Of all the bronze statues of former basketball players outside the great hall in downtown LA, only one depicts a man with a suitcase full of merits.

Jerry West wasn't just a player on the 1972 Los Angeles Lakers championship team, he wasn't just the coach of the team that made it to the semifinals in 1977.

He is the character of the dribbling basketball player that the NBA has used in its logo since 1969.

And as chief manager of the Lakers, who made all important personnel decisions between 1982 and 2000, he was responsible for signing two professionals who were also memorialized next to him: Magic Johnson and Shaquille O'Neal.

He once obliged the young Kobe Bryant, whose statue in front of the arena should only be a matter of time.

Of all his merits, the phase in the 1980s is probably the most notable.

He brought together a squad whose qualities are only inadequately described by the common nickname "Showtime".

At that time, the Lakers not only combined circus entertainment with a high attack speed and fast ball relays.

When West installed Pat Riley in 1981, a hitherto completely untried trainer, they not only became a magnet for an audience of millions across America, but also for Hollywood celebrities.

The Washington Post quipped at the time that the Lakers' home games were probably "the only place where the fans make more money than the players."

Team story retold

However, as pay-TV network HBO has been retelling that era for the past two weeks with the help of a cast of top-notch actors in a series of episodes entitled "Winning Time - The Rise of the Lakers Dynasty," West doesn't look like a bright figure at all.

Instead, like a choleric guy who escaped a harsh childhood in backwoods West Virginia because of his athletic talent, was depressed all his life and never really satisfied even in the moments of success.

A perfectionist who only didn't have much credit for the popular ball magician Magic Johnson because he "smiles too much".

The series, based on noted sportswriter Jeff Pearlman's 2014 book Showtime, goes so far as to invent a scene in which West throws the trophy he won as Most Valuable Player of the 1969 Series Finals out the window in anger throws.

A depiction that led to severe criticism in the American media.

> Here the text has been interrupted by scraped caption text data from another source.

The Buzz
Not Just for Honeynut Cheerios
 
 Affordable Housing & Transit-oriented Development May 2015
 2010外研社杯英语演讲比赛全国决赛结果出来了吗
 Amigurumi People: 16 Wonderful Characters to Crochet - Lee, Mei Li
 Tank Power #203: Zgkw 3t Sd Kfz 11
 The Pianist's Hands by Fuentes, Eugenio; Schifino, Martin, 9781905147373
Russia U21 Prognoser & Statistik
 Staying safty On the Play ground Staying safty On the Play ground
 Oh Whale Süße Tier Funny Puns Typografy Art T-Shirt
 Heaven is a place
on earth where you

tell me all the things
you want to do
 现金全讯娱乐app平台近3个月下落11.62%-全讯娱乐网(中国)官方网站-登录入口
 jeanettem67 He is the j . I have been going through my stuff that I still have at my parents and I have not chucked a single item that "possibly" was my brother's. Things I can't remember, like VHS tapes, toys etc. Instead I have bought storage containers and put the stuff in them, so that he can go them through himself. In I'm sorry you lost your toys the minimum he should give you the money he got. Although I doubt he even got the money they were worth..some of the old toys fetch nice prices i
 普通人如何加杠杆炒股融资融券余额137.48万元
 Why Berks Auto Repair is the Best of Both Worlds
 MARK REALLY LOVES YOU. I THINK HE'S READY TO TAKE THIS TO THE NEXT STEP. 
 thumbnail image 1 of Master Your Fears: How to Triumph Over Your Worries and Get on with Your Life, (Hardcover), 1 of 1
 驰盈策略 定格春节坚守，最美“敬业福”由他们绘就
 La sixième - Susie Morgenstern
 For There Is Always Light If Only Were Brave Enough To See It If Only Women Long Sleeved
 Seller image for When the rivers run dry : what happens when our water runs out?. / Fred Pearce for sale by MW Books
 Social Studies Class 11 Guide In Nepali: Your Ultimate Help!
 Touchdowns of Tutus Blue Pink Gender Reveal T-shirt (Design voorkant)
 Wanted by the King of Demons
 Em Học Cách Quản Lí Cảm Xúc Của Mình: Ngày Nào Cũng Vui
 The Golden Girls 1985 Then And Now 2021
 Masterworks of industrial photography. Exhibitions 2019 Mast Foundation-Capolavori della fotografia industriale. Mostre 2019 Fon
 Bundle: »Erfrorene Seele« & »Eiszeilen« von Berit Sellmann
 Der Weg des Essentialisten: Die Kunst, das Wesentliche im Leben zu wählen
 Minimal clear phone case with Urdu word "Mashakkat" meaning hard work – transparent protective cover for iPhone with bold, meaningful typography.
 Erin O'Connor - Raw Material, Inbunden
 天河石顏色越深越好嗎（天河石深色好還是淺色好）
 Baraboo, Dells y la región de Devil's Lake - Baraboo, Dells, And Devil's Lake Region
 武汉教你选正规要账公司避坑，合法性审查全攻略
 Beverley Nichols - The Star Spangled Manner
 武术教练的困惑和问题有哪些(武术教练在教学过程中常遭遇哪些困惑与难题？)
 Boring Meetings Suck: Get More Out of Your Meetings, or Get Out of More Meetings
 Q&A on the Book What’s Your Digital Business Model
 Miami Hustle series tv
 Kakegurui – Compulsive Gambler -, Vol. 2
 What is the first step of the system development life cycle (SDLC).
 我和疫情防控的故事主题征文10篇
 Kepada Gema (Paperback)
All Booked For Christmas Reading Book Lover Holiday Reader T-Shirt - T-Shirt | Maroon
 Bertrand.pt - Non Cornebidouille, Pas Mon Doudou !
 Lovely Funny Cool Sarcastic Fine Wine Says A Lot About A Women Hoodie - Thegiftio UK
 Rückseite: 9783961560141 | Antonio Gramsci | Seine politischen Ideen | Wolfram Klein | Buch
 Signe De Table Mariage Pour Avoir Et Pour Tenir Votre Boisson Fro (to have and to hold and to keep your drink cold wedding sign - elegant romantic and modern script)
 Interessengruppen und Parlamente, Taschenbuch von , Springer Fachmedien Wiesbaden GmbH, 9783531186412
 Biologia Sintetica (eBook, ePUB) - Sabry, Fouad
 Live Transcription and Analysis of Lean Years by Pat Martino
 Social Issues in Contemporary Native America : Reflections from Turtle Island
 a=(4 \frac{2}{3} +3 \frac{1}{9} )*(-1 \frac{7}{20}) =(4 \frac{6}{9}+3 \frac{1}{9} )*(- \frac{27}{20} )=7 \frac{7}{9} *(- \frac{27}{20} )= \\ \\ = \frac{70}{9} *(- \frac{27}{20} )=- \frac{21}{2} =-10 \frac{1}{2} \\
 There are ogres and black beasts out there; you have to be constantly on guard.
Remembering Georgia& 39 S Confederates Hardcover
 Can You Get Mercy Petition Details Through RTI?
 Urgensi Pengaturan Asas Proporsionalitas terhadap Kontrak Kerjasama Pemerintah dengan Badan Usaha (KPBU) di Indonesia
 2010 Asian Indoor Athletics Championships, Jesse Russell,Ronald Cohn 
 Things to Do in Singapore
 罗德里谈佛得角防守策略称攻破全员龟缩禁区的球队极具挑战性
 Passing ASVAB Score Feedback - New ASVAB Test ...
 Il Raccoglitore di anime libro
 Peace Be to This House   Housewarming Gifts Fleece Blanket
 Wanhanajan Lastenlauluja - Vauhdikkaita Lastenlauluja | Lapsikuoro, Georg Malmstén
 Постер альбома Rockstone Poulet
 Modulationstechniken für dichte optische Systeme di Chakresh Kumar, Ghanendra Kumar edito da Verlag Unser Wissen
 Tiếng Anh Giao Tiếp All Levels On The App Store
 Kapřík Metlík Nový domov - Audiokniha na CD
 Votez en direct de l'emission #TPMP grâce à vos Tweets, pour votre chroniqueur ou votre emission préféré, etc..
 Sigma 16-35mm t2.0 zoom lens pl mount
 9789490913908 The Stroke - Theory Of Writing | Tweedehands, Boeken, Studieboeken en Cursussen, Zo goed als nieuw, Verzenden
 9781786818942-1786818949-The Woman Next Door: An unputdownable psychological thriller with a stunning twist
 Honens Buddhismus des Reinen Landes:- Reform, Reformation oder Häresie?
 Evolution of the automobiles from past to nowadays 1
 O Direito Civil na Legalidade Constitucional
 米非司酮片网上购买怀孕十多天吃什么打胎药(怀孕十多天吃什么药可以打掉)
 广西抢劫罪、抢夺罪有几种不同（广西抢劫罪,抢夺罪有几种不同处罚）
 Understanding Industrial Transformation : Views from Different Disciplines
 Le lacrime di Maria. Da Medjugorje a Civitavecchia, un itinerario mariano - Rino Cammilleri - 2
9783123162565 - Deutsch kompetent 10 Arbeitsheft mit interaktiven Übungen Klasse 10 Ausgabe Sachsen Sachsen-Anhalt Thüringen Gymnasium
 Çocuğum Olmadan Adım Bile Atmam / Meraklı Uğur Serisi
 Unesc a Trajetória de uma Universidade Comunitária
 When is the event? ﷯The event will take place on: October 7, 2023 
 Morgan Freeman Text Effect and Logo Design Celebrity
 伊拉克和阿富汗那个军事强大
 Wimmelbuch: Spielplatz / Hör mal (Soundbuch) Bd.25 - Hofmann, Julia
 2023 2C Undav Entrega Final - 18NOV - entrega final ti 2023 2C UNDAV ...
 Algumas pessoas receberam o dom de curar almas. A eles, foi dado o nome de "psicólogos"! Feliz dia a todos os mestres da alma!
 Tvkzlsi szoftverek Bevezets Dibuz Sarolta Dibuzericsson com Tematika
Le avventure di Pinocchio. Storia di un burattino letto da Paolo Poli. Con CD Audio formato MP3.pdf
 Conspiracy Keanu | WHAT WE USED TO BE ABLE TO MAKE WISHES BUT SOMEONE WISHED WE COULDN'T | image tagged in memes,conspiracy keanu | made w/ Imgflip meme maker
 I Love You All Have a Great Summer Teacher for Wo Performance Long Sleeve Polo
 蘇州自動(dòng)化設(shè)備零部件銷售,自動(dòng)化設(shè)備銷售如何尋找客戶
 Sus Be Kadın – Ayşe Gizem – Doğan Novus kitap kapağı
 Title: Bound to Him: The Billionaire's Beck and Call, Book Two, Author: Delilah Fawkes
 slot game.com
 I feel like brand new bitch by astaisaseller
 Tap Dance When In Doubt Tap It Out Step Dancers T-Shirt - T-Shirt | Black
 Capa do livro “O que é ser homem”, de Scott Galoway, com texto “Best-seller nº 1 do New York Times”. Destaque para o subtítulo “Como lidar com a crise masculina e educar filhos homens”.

That was "a totally wrong characterization", wrote the far-reaching online sports magazine "The Athletic".

Not so bright anymore

After all, others in the series also seem overstated.

The staging is reminiscent of the style of mockumentaries, which see themselves as a parody of traditional documentaries and cover both the subject matter and the audience with subtle, knowing mockery.

The perspective somehow fits the time.

Because today's Los Angeles Lakers, a company with a market value of more than five billion dollars, don't look half as bright as the image that has been attached to them since the 1980s.

Of course, for four years they have been employing LeBron James, the best basketball player of his generation, with whom the team won its seventeenth NBA title in 2020 after a long slump.

But the attempts to build something like a dynasty with the superstar at the center can be regarded as a failure.

Even if you don't want to blame James at first glance.

Because he leads the current scorer list in the league with 30.0 points per game.

Nevertheless, last season the team was already over after the first play-off round.

At the moment one would be happy to even qualify for the crucial phase of the championship.

The Lakers lead only one table of the countless statistics that the league keeps: They are the oldest team of all with an average age of 30 years.

On top of that, the sporting future is more than uncertain.

James' contract, which was renewed in 2020, expires in a year.

And nobody knows what the 37-year-old will do next.

will he stay

Is he toying with a return to his home region of Cleveland?

The only thing that is certain is that the Lakers have never been so dependent on the career tactics of a single player.

Unlike in the "Showtime" era, when chief managers and coaches decided on personnel planning and tactical concepts and not the leading players with annual salaries of over 40 million dollars.

According to an analysis by "Sports Illustrated", they cause a lot of mischief: "They have more power and use it more often than ever before.

That may be good for the players.

But it doesn't help in building teams."